Глеб Павловский утверждает, что концепция «медийного управления» была предложена Фондом эффективной политики еще летом 1996 года – не как срочная и временная мера, позволявшая решить проблему выборов, а как постоянная модель политики администрации президента. Детализированные предложения появились в 1997 году – в разгар информационных войн между олигархическими медиа.
Отдаться с радостью
Крупнейшие средства информации России в 1990-х и в самом начале 2000-х годов контролировались несколькими финансово-промышленными группами. «Медиа-Мост» Владимира Гусинского с НТВ в центре располагал еще и популярной газетой, журналами, издательствами, кинокомпаниями.

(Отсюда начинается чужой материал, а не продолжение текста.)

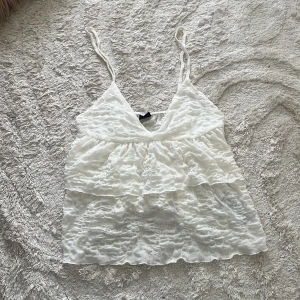 Vit volang-linnetopp från Gina Tricot - Supersöt vit linnetopp från Gina Tricot med tunna axelband och volanglager. Toppen har v-ringning och är tillverkad i ett lätt, krinklat tyg som ger en luftig känsla. Perfekt för varma dagar och enkel att styla med jeans eller kjol.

Борис Березовский контролировал не только ОРТ (Первый канал), но – через сложную структуру собственности – еще и целый куст газет. Прежде всего, «Независимую» и, с 1999 года, «Коммерсантъ». Свои медиа были и у «Лукойла», и – чуть позже – у РАО ЕЭС, у «Интерроса» Владимира Потанина и «Менатепа» Михаила Ходорковского. Для основных игроков экономического и политического поля России после чуда июля 1996 года – победы во втором туре президентских выборов Бориса Ельцина – становилось понятно: конструирование псевдореальности дает свои результаты. Кто ее конструирует, тот и извлекает прибыль – коммерческую или политическую.
Собственникам было важно, чтобы «их» издание или телеканал не задевал интересы бизнес-партнеров, в том числе государства. Кроме того, собственники хотели иметь послушных и услужливых руководителей в редакции, через которых в любое время можно было неформально «решить вопросы». Именно период олигархического владения познакомил редакции с концепцией «импланта» – сотрудника, который имеет некие «полномочия» от владельца и в той или иной мере может контролировать редакционные процессы. Если в период «битвы компроматов» и использования СМИ в качестве «сливных бачков» основные полномочия таких «имплантов» были в области безопасности, то позже функции этих смотрящих были сильно политизированы.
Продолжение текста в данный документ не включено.